Nonprofits know that it’s notoriously hard to raise money from Facebook fans. Even if you’ve figured out how you can use Facebook for your nonprofit and have managed to build up a fanbase, that doesn’t mean you’ll be able to convince fans to donate.
After all, it only takes the click of a button to “like” something, so it can be harder to mobilize Facebook fans for a specific cause.
Ben Pahlow, Co-founder of Africa Family Rescue, knew this for a fact. The organization’s Facebook Page had largely been dormant since he launched it in February 2011. Until this spring, the Page itself had fewer than 100 fans.
That was around the time Ben attended a Constant Contact marketing seminar in Illinois to learn more about Facebook marketing. He walked away with new inspiration.
Ben decided he needed an incentive for people to people to take action and engage with his Facebook page.
Since Africa Family Rescue is a nonprofit, Ben wanted to launch a campaign that encouraged people to Like the Page and donate to the organization.
The pieces started coming together when an anonymous supporter donated$2,900 to Africa Family Rescue and told Ben to use the money to drive awareness.
“My goal was to use the donation to boost my Facebook fan count to 290, so I offered $10 per Like,” Ben says.

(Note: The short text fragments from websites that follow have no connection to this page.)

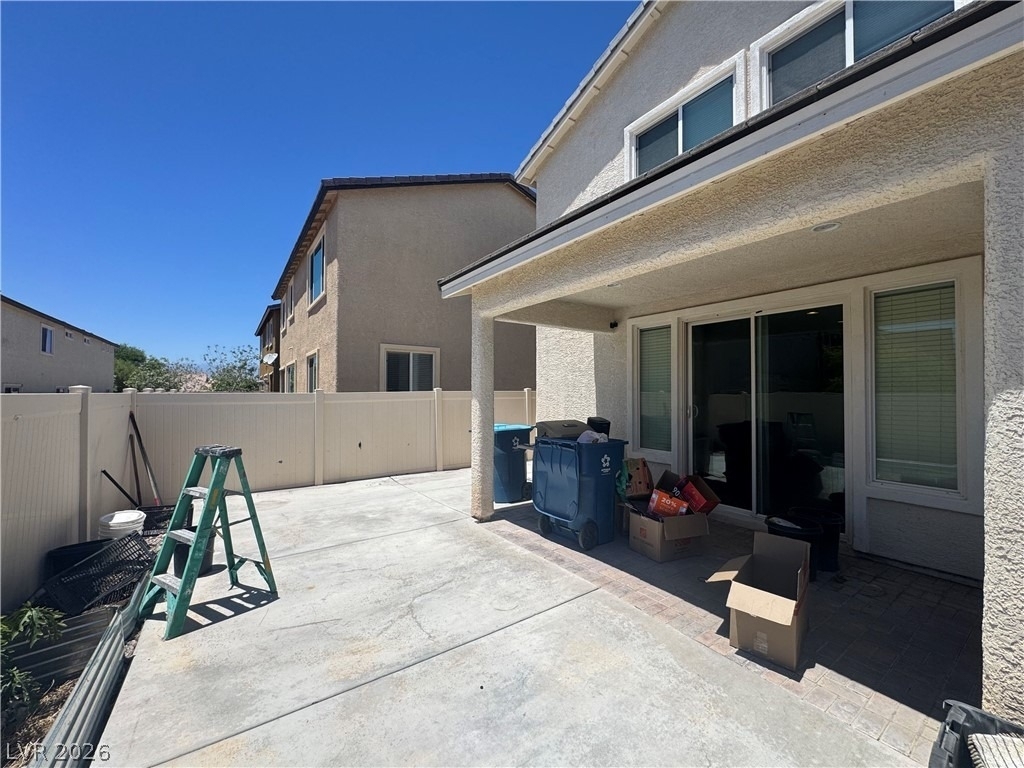 43 Heathrow Lake Avenue - Photo 2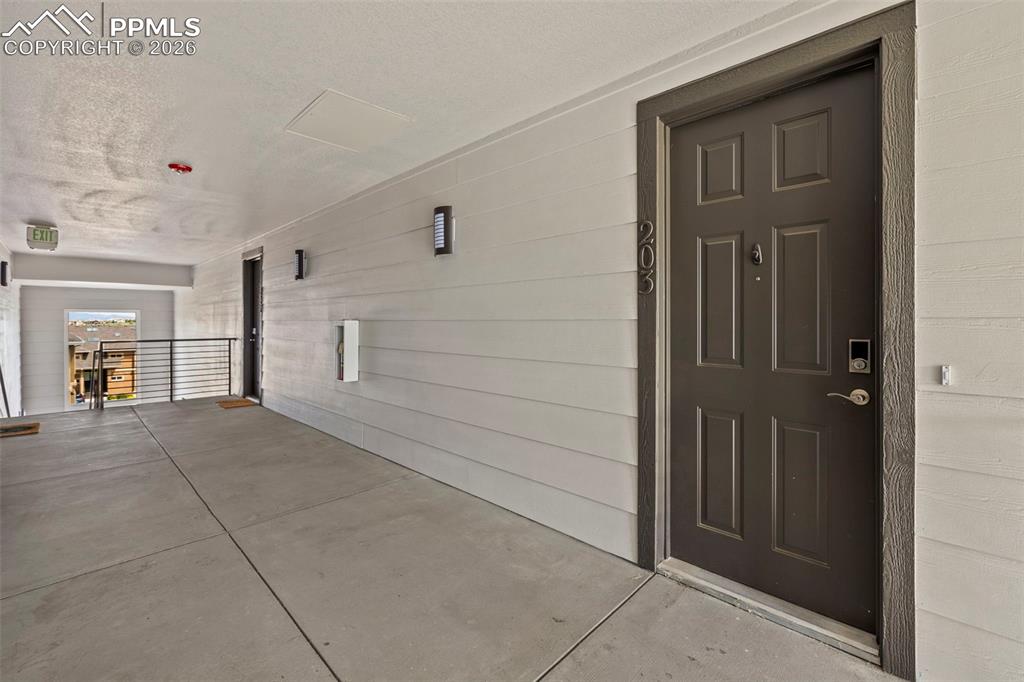 Image 31 of 33: Entry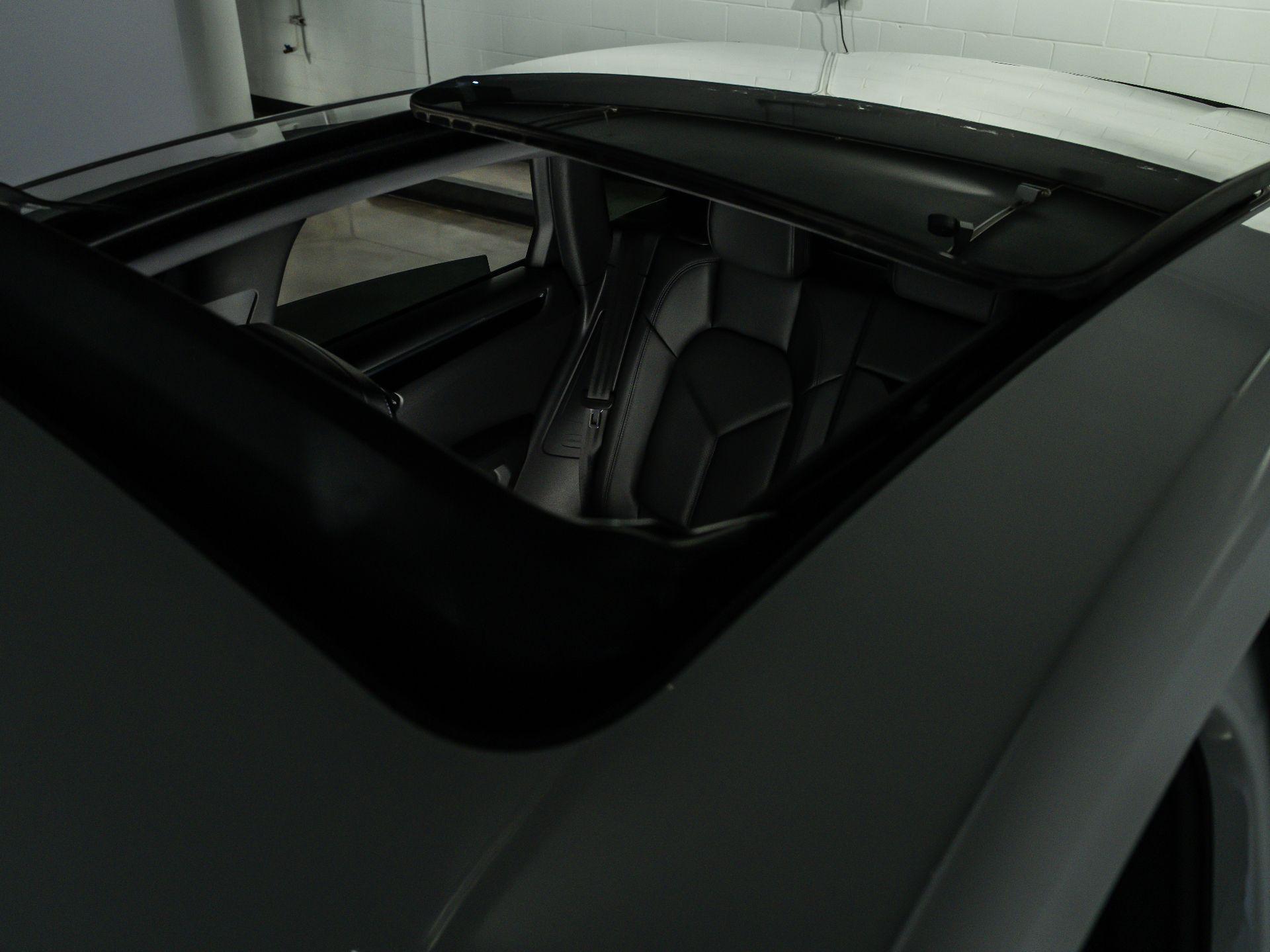 2026 Porsche Macan Base - Photo 15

Ben was so busy that he hardly had time to maintain his Facebook Page, which meant the campaign was largely left to grow organically.

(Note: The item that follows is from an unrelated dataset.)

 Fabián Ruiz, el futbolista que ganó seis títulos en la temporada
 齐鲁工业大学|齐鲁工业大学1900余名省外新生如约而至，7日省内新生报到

On the surface, of course, things may seem a little disappointing. Overall, the campaign netted the Page 49 new fans. That still doubled the Page’s fan count, but Africa Family Rescue’s Facebook Page didn’t reach 290 fans.
What the organization did reach, however, was one new donor who hadn’t heard of Africa Family Rescue before.
This particular donor sent in $10,000, enough to sponsor nine fledgling family businesses over three years.
“Usually, monthly donations are about $70,” Ben says.
Facebook, fundraisers, and you
One of the biggest advantages to Africa Family Rescue’s campaign was reaching a new audience. It was shared 18 times on Facebook and once across Twitter.
What both businesses and nonprofits can learn from Ben’s experience is that Facebook is not just an effective way to reach your existing audience, it’s a way to reach a whole new audience.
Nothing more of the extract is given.